I needed to reload my network interface on the machine where my PostgreSQL database is hosted and, after doing that, my thread got forever blocked on the getNotifications(...)
call.
"Loritta PostgreSQL Notification Listener" #261 daemon prio=5 os_prio=0 cpu=48.89ms elapsed=62372.91s tid=0x00007f45f806a460 nid=0xf08b5 runnable [0x00007f45d6dfc000]
java.lang.Thread.State: RUNNABLE
at sun.nio.ch.Net.poll([email protected]/Native Method)
at sun.nio.ch.NioSocketImpl.park([email protected]/NioSocketImpl.java:181)
at sun.nio.ch.NioSocketImpl.timedRead([email protected]/NioSocketImpl.java:285)
at sun.nio.ch.NioSocketImpl.implRead([email protected]/NioSocketImpl.java:309)
at sun.nio.ch.NioSocketImpl.read([email protected]/NioSocketImpl.java:350)
at sun.nio.ch.NioSocketImpl$1.read([email protected]/NioSocketImpl.java:803)
at java.net.Socket$SocketInputStream.read([email protected]/Socket.java:966)
at sun.security.ssl.SSLSocketInputRecord.read([email protected]/SSLSocketInputRecord.java:478)
at sun.security.ssl.SSLSocketInputRecord.readHeader([email protected]/SSLSocketInputRecord.java:472)
at sun.security.ssl.SSLSocketInputRecord.bytesInCompletePacket([email protected]/SSLSocketInputRecord.java:70)
at sun.security.ssl.SSLSocketImpl.readApplicationRecord([email protected]/SSLSocketImpl.java:1455)
at sun.security.ssl.SSLSocketImpl$AppInputStream.read([email protected]/SSLSocketImpl.java:1059)
at org.postgresql.core.VisibleBufferedInputStream.readMore(VisibleBufferedInputStream.java:161)
at org.postgresql.core.VisibleBufferedInputStream.ensureBytes(VisibleBufferedInputStream.java:128)
at org.postgresql.core.VisibleBufferedInputStream.ensureBytes(VisibleBufferedInputStream.java:113)
at org.postgresql.core.VisibleBufferedInputStream.read(VisibleBufferedInputStream.java:73)
at org.postgresql.core.PGStream.receiveChar(PGStream.java:453)
at org.postgresql.core.v3.QueryExecutorImpl.processNotifies(QueryExecutorImpl.java:789)
- locked <0x0000000621293410> (a org.postgresql.core.v3.QueryExecutorImpl)
at org.postgresql.jdbc.PgConnection.getNotifications(PgConnection.java:1107)
at net.perfectdreams.loritta.cinnamon.pudding.utils.PostgreSQLNotificationListener.run(PostgreSQLNotificationListener.kt:29)

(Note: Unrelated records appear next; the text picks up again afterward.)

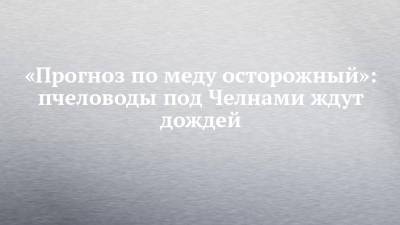«Прогноз по меду осторожный»: пчеловоды под Челнами ждут дождей - chelny-izvest.ru - район Тукаевский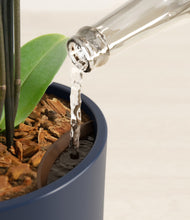 Load image into Gallery viewer, Deep Navy stand:all
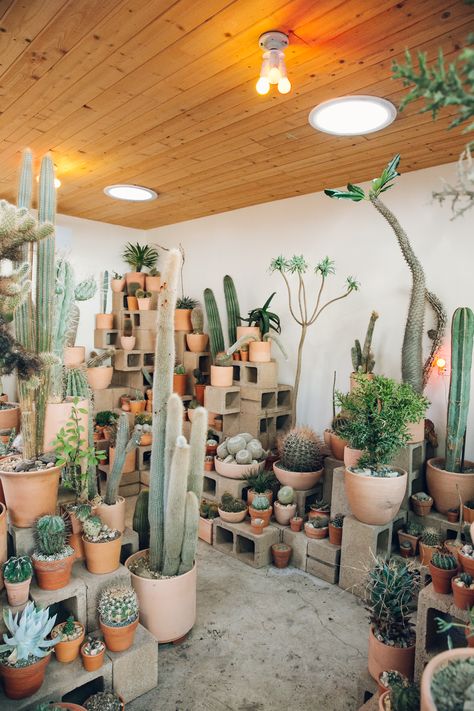 Inside Cactus Store in Echo Park, Los Angeles — California — Haarkon | Adventures and Studio Cactus Display, Kaktus Dan Sukulen, Indoor Cactus, Cactus Y Suculentas, Cactus Garden, Echo Park, Garden Shop, Cactus Flower, Cactus And Succulents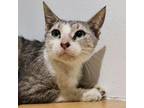 Adopt Jade a Domestic Short Hair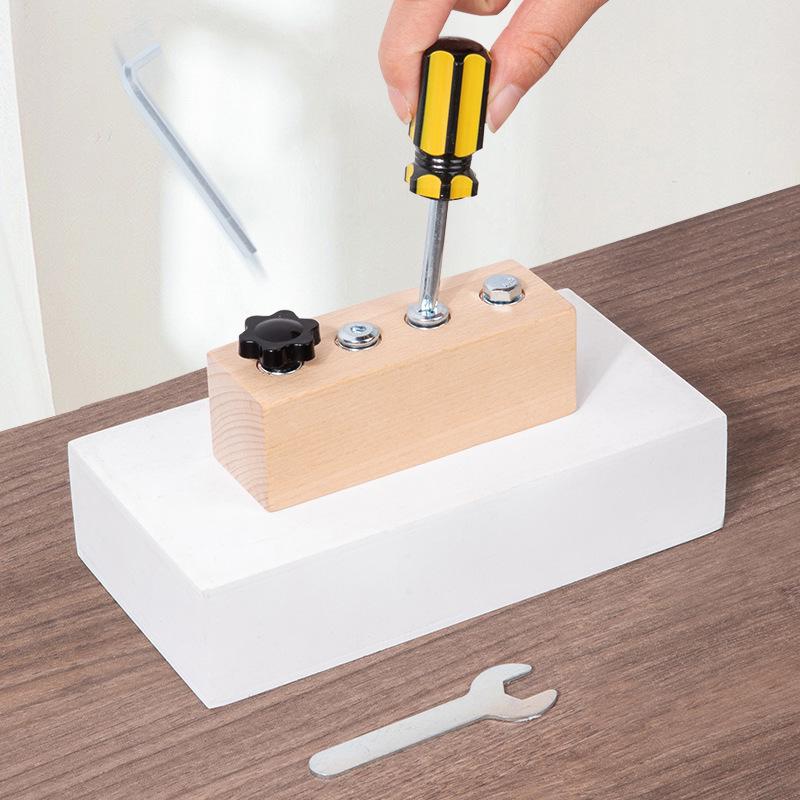 Montessori Toddler Educational Lock & Screw Busy Toy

at java.lang.Thread.run([email protected]/Thread.java:833)
So I went out and tried figuring out if this could be reproduced, and found out that someone had already reported this issue, but it was closed due to "lack of feedback". Anyhow, here's my investigations and explanations to anyone else wondering why their PostgreSQL getNotifications
call is not receiving new notifications, even tho it is blocked on the getNotifications
call!
To debug this, I ran a PostgreSQL container using Docker, so we can abuse the docker pause
feature to simulate a network failure. (because blocking network connections on Windows is hard)
docker run --name some-postgres -e POSTGRES_PASSWORD=mysecretpassword -d postgres
fun main() {
// 172.24.48.1 = WSL2 IP
val url = "jdbc:postgresql://172.24.61.21:55432/postgres?user=postgres&password=mysecretpassword"

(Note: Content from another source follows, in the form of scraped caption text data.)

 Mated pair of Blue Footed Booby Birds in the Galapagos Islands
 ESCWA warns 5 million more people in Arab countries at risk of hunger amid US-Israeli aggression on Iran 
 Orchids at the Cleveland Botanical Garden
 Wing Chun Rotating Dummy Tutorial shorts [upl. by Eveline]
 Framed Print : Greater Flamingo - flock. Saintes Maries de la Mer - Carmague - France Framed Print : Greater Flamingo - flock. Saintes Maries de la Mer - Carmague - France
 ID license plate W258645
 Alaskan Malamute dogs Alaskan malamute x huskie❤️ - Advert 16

val connection = DriverManager.getConnection(url) as PgConnection
while (true) {
// I know that we aren't listening for any channels, this doesn't matter
println("Blocked waiting for notifications")
connection.getNotifications(0)
}
}
If we shutdown PostgreSQL with docker stop some-postgres
...
Blocked waiting for notifications
Exception in thread "main" org.postgresql.util.PSQLException: FATAL: terminating connection due to administrator command
at org.postgresql.core.v3.QueryExecutorImpl.receiveErrorResponse(QueryExecutorImpl.java:2675)

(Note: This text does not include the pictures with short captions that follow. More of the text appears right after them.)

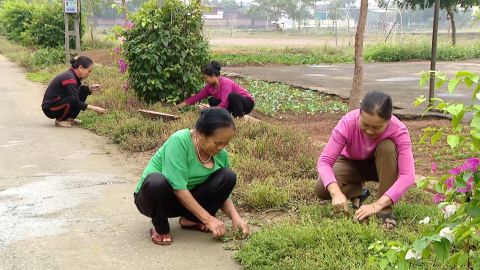 Chất lượng m&ocirc;i trường sống ở x&atilde; n&ocirc;ng th&ocirc;n mới kiểu mẫu
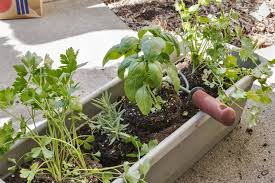 How To Grow In A Window Box Simple
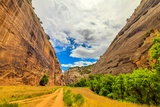 Photos/Images de Dinosaur National Monument - Colorado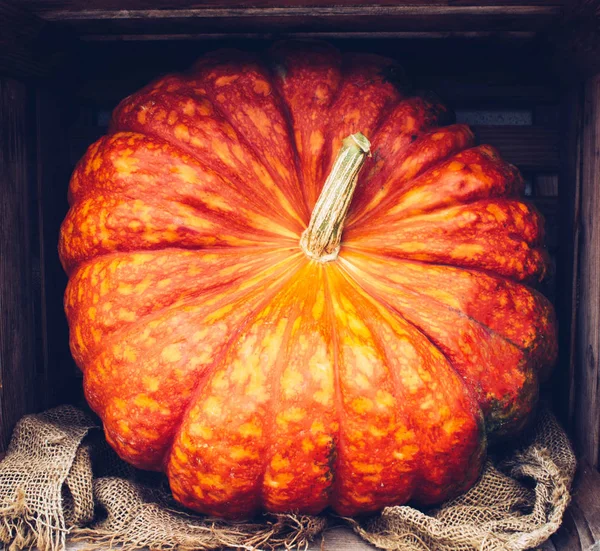 Herbststilleben mit Bio-Kürbissen. — Stockfoto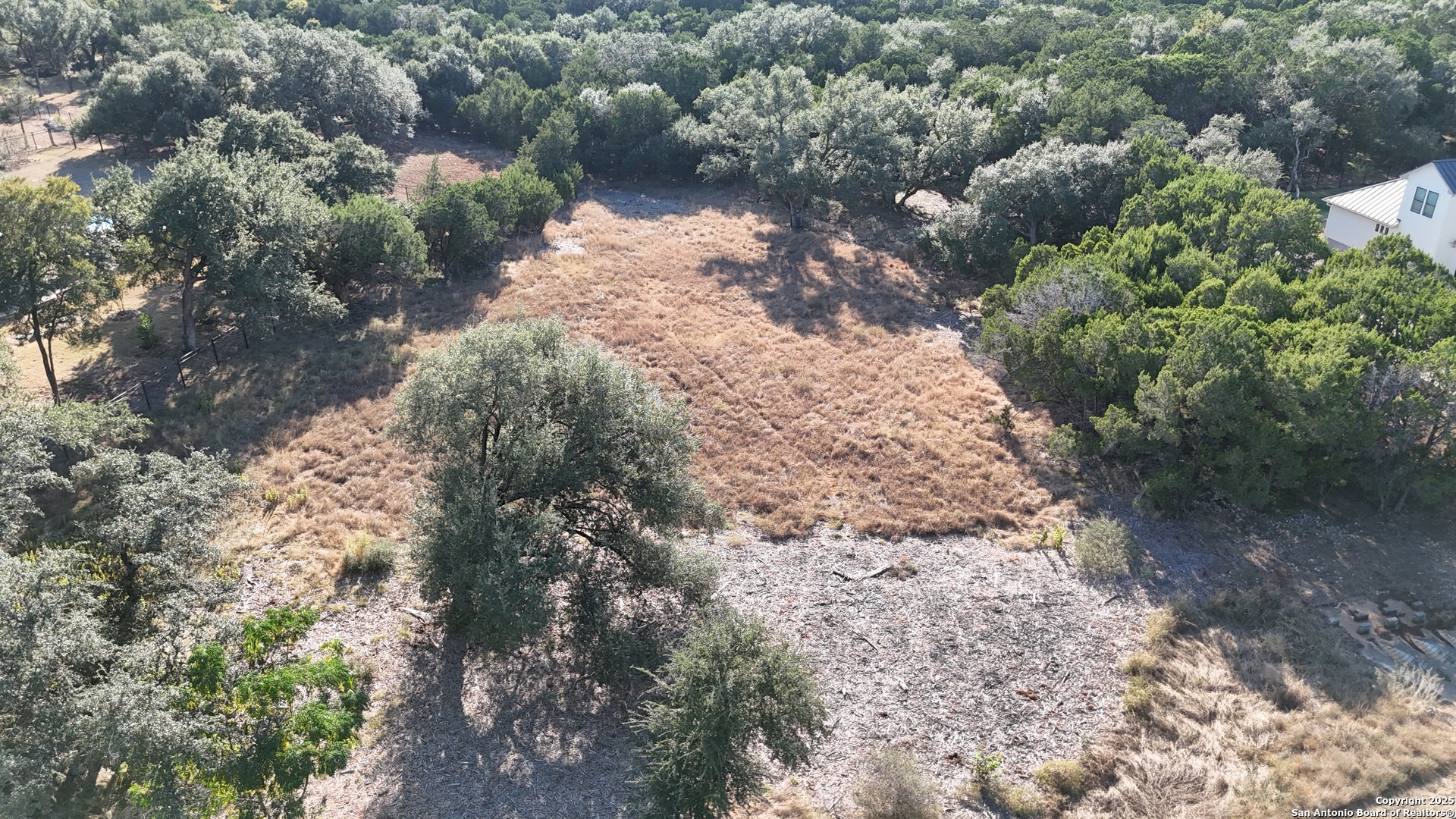 27227 Eichenbaum Road New Braunfels, TX 78132 - Photo 4 of 16 a view of a tree with a yard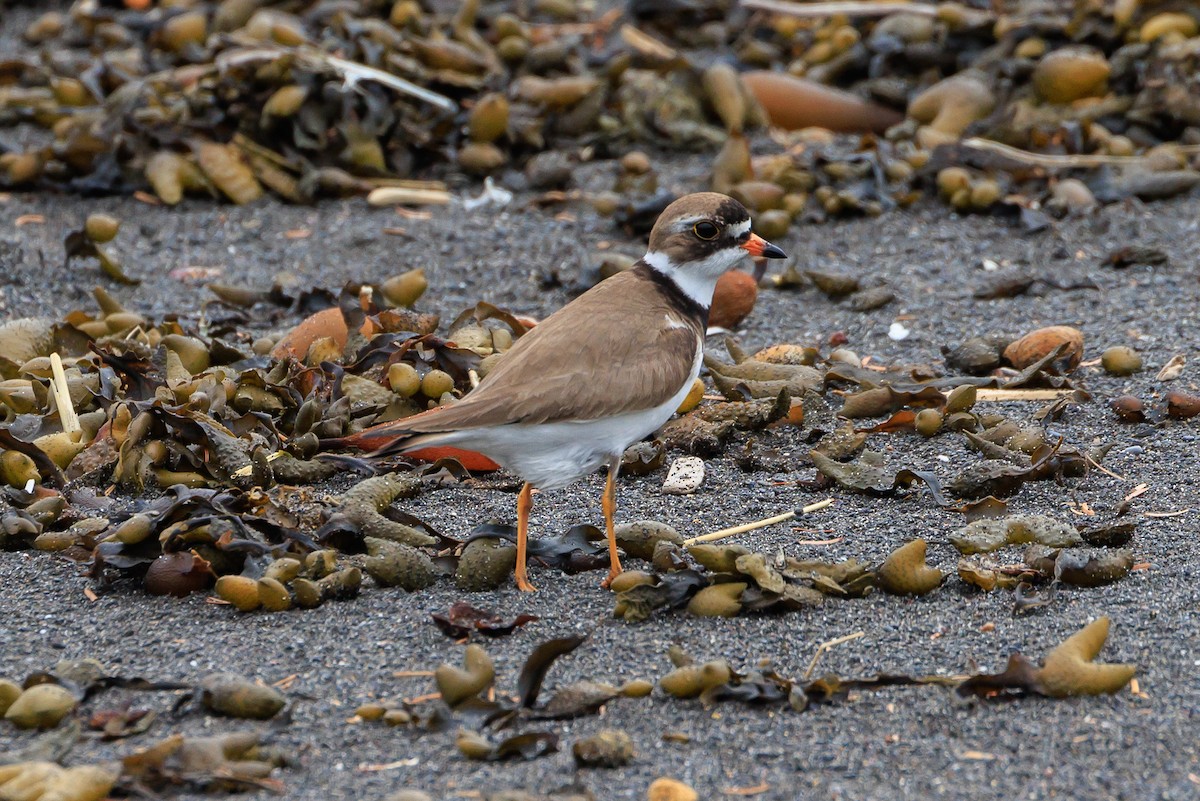 Semipalmated Plover - ML620641105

at org.postgresql.core.v3.QueryExecutorImpl.processNotifies(QueryExecutorImpl.java:800)
at org.postgresql.jdbc.PgConnection.getNotifications(PgConnection.java:1107)
at net.perfectdreams.loritta.cinnamon.discord.webserver.TestKt.main(Test.kt:16)
at net.perfectdreams.loritta.cinnamon.discord.webserver.TestKt.main(Test.kt)
Okay, so, what if we docker pause some-postgres
?
Blocked waiting for notifications
Hmmm... so the thread keeps blocking on the getNotifications(0)
call, interesting...
Let's unpause the container with docker unpause some-postgres
and add a notification timeout to the getNotifications(...)
call
fun main() {
// 172.24.48.1 = WSL2 IP
val url = "jdbc:postgresql://172.24.61.21:55432/postgres?user=postgres&password=mysecretpassword"
val connection = DriverManager.getConnection(url) as PgConnection
while (true) {
// I know that we aren't listening for any channels, this doesn't matter
println("Blocked waiting for notifications")
connection.getNotifications(5_000)
}
}
Let's run it, pause the container with docker pause some-postgres
...
Blocked waiting for notifications
Blocked waiting for notifications
Blocked waiting for notifications
Blocked waiting for notifications
Blocked waiting for notifications
Blocked waiting for notifications
Blocked waiting for notifications
Blocked waiting for notifications
Blocked waiting for notifications
Blocked waiting for notifications
Blocked waiting for notifications
Blocked waiting for notifications
Hmmm, okay, so it keeps looping the while (true)
check, even tho the PostgreSQL database is not active, so now what?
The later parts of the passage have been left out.